Мы лезли, фиксируя веревки и устанавливая лагеря, большинство членов команды чувствовали себя хорошо, и я надеялся, что на заключительном этапе передовая сборная группа из решительных альпинистов попробует сделать быстрый рывок к вершине без кислорода. Я работал вместе со своим другом Виктором Бобком, к сожалению, он не имел форму достаточную для безкислородного восхождения. Наша двойка из 63 участков до 7900 метров обработала 20 (совсем неплохо, если учесть, что еще кроме нас работали две тройки и одна четверка) и установила 3 высотный лагерь на 7800 в основании кулуара Хорнбайна. Находясь на этом биваке, я предложил нашему сообществу крамольную идею продолжения восхождения с этой точки в альпийском стиле и без кислорода по кулуару Хорнбайна. Я считал, что это вполне логичный ход, линия маршрута пошла бы без траверса влево, но главным для меня было отступление от шаблона и безкислородный маршрут. Этот призыв вызвал сильное сопротивление, как у руководителя экспедиции, так и у следовавшей вслед за нами группы. После этого мои отношения и так не очень гладкие переросли в открытую оппозицию главной идее экспедиции – восхождению самым безопасным способом строго по центру северной стены Эвереста. Мнение команды победило, наша двойка провесила четыре веревки в направлении центра стены, после этого последующие группы, начиная с 8000 м. работали уже с кислородом. Как только на горе начал применяться искусственный кислород, восхождение для меня потеряло главный смысл, приключение переставало существовать. На заключительном этапе экспедиции началась борьба за приоритет использования заброшенного на стену кислорода, и нашу двойку вынудили идти последней. Предстоящая работа выглядела, как обычный подъем по перилам с кислородом до 8500 метров. Далее выход на маршрут Месснера и спуск по классике. У меня были обязательства (во всяком случае, я так считал) перед моим другом Виктором Бобком, ведь я его втянул в эту экспедицию, еще начиная с разведки, а Виктор страстно хотел на Эверест. Поэтому, несмотря на все психологические перипетии, мы выступили.

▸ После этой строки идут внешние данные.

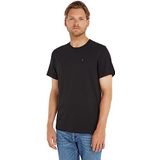 Tommy Jeans TJM XSLIM JERSEY TEE Erkek T-shirt TOMMY BLACK S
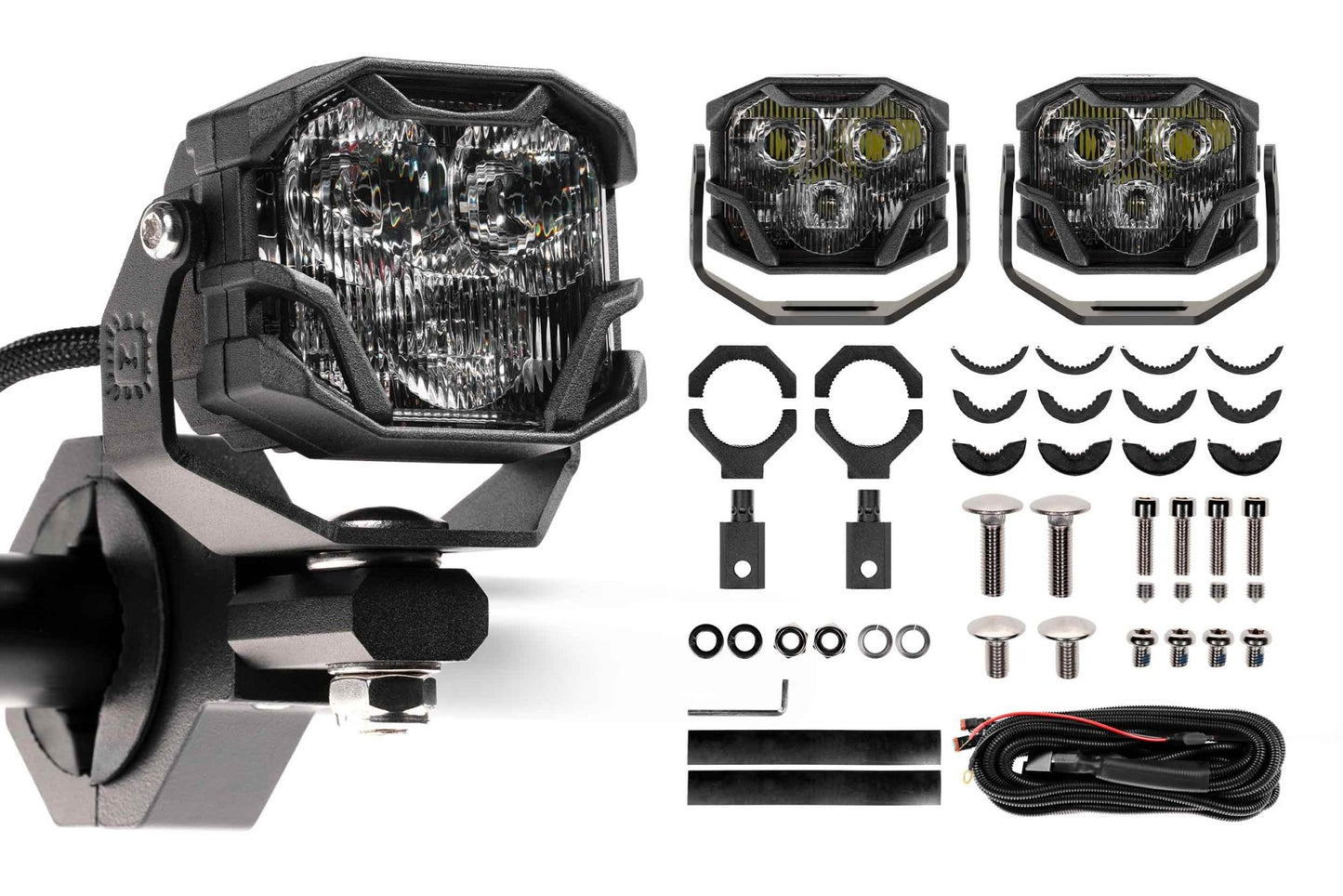 Morimoto 4Banger Offroad Lighting System - LED Light Pods - Morimoto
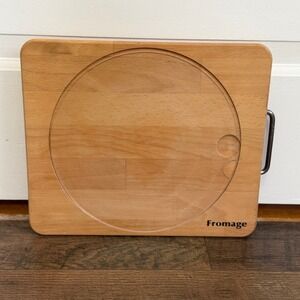 Laguiole Inox France Fromage Cheese Board Set Knives Wood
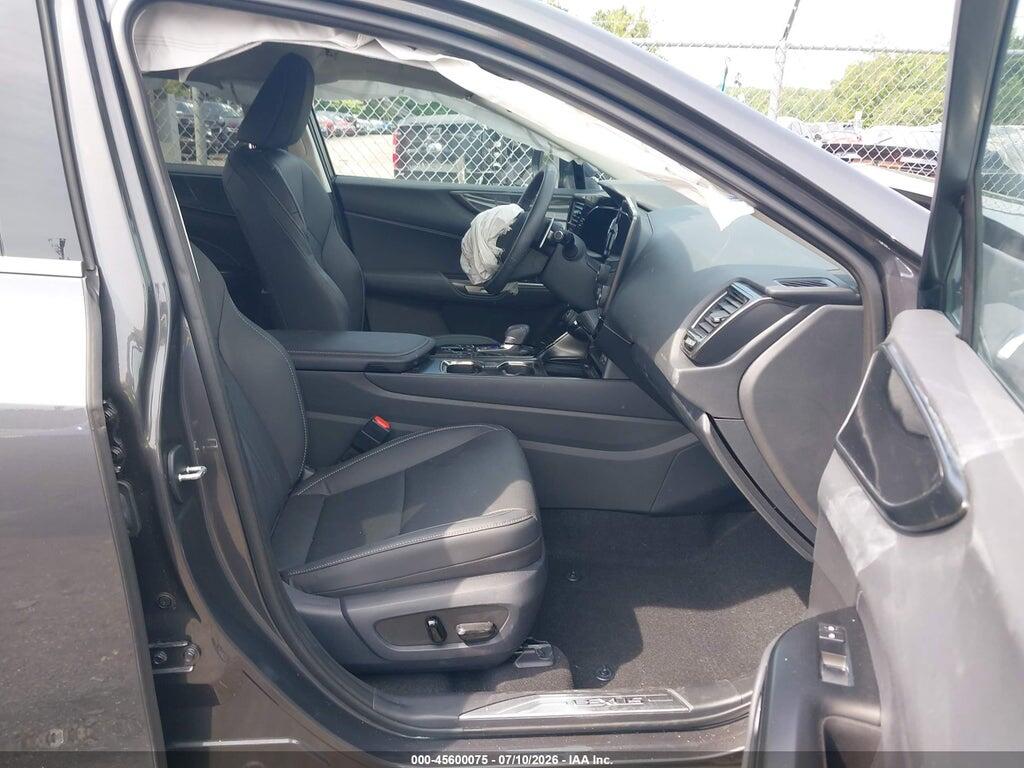 2T2GGCEZ1SC081047 2025 LEXUS NX 350 photo no. 5
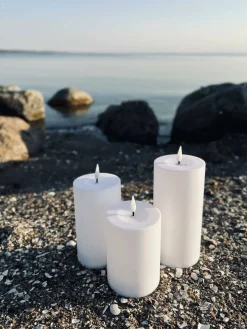 VIAMAJA Lys Og Led|Udendørs Led<Udendørs Bloklys - Sæt af 3 stk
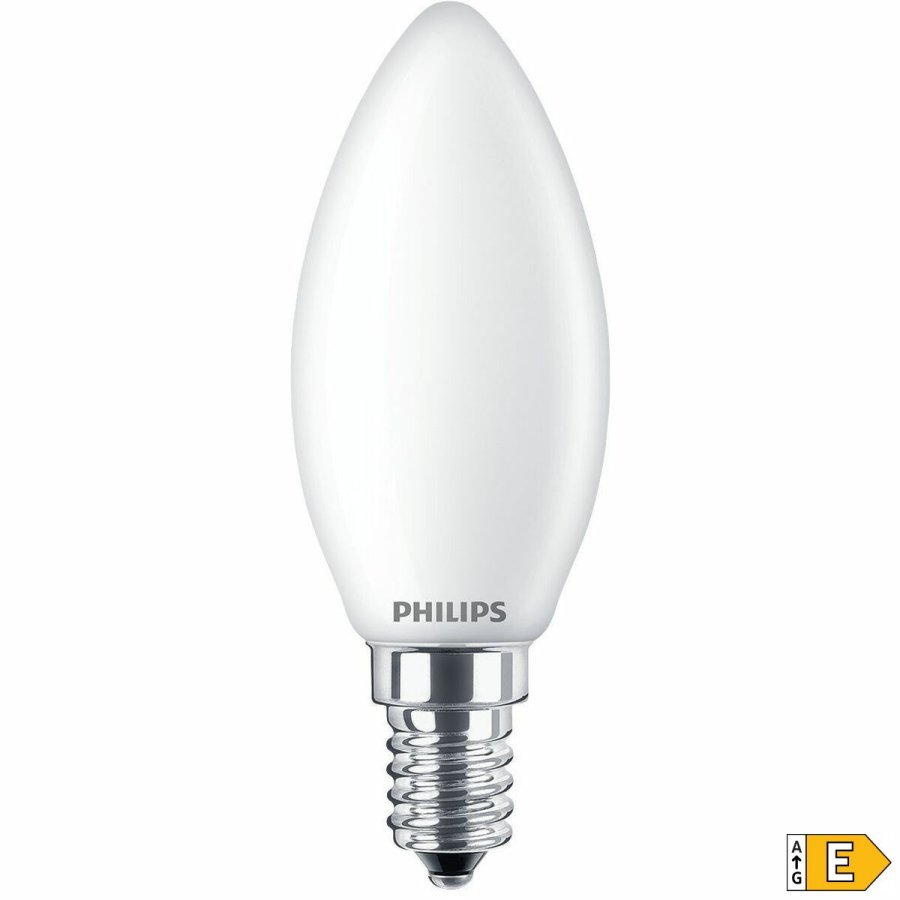 LED-lampe Philips Stearinlys E 6,5 W 60 W E14 806 lm 3,5 x 9,7 cm (2700 K) #2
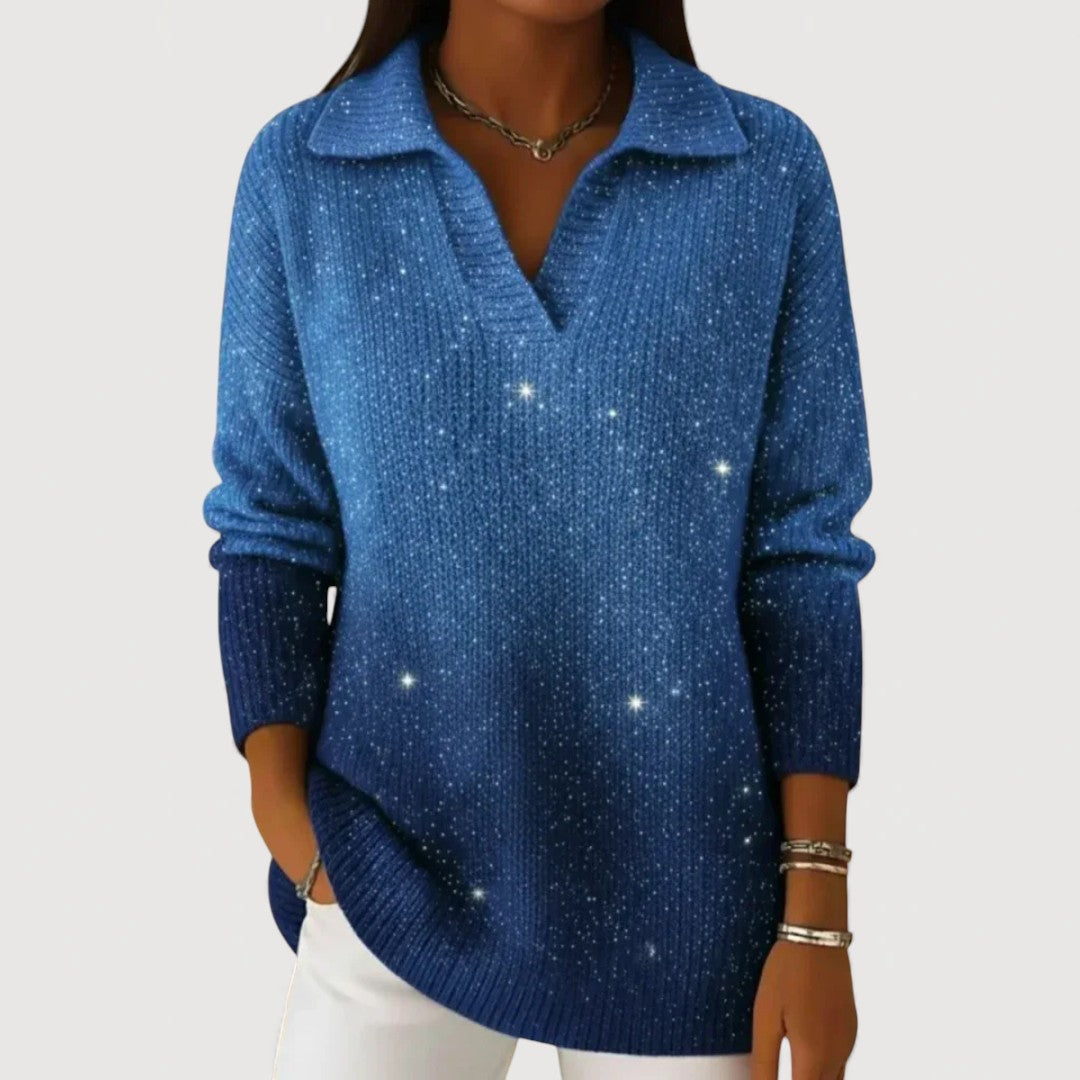 Evelyn | Soft Sparkle Knit Jumper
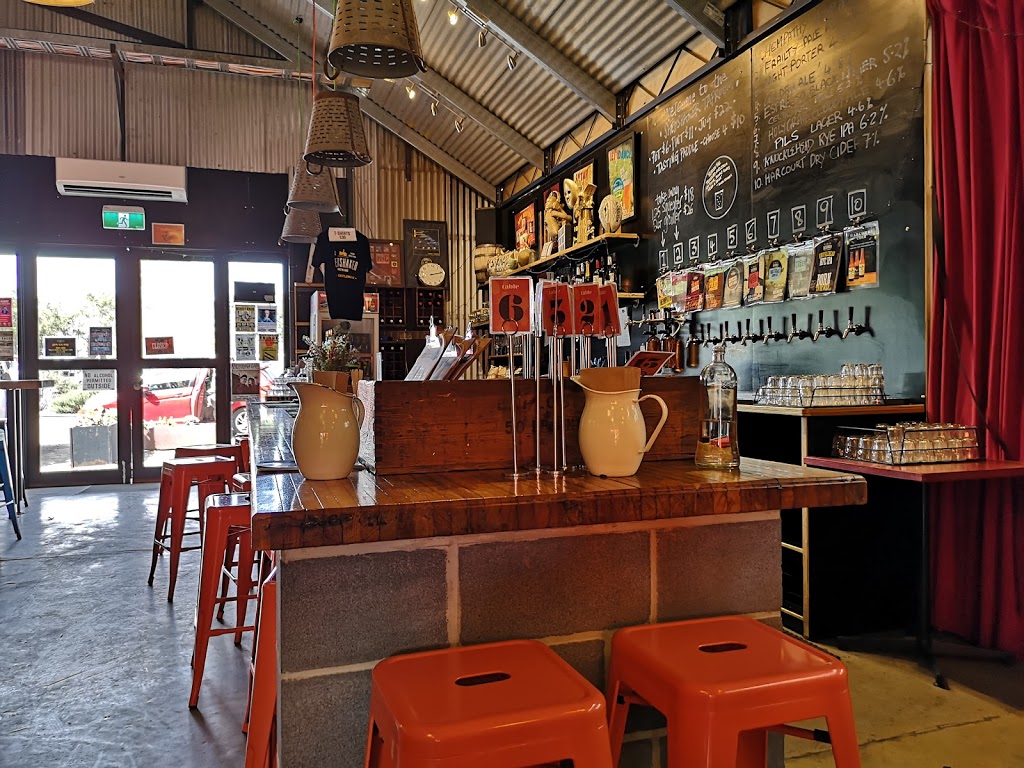 Shedshaker Brewing Company | restaurant | 9 Walker St, Castlemaine VIC 3450, Australia | 0425323005 OR +61 425 323 005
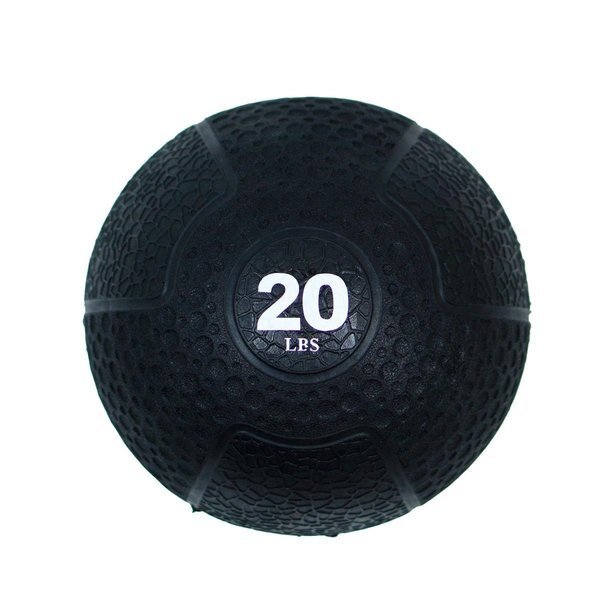 20 lbs Aeromat Elite Wall Exercises Ball, Black, Agm Group, Mfr#: 32717
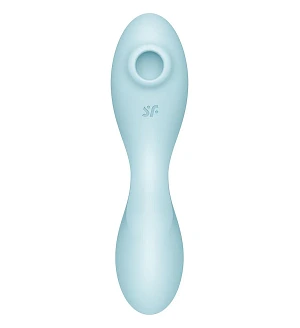 Вакуумний смарт-стимулятор із вібрацією Satisfyer Curvy Trinity 5, керування зі смартфона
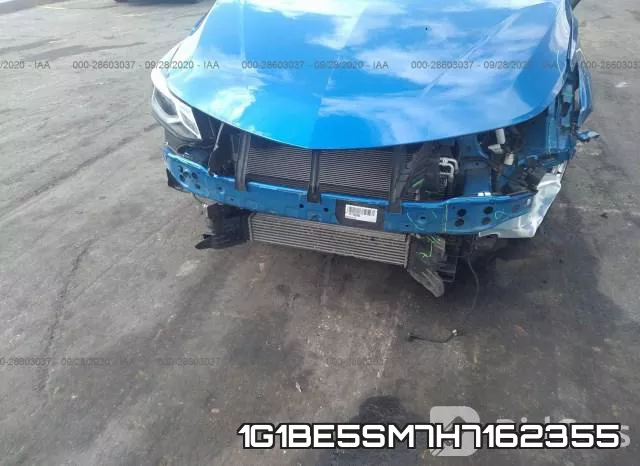 1G1BE5SM7H7162355 фото 6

На этом этапе к нам присоединился Виктор Володин. С количеством кислорода в высотных лагерях полной ясности не было, на 7100 м. стало понятно, что для трех человек кислорода для безопасного восхождения и спуска явно не достаточно. Тогда я принял решение отдать свой кислород моим друзьям, чтобы они могли гарантированно взойти и спуститься, ведь группа была последней, и помощи в случае форс-мажора от утомленных предыдущих восходителей ожидать было нельзя.
Кроме того, это решение для меня стало вполне логичным, я мечтал об Эвересте без кислорода, я подразумевал не безкислородное личное восхождение, а безкислородный маршрут команды. Когда открыто отстаиваешь свои взгляды, ты поневоле вынужден жить в согласии с ними.
Безусловно, Русский маршрут нельзя считать абсолютной диретиссимой, но наша команда прошла новую линию на Северной стене Эвереста, и это, без сомнения, достижение в классе кислородных восхождений в Гималаях.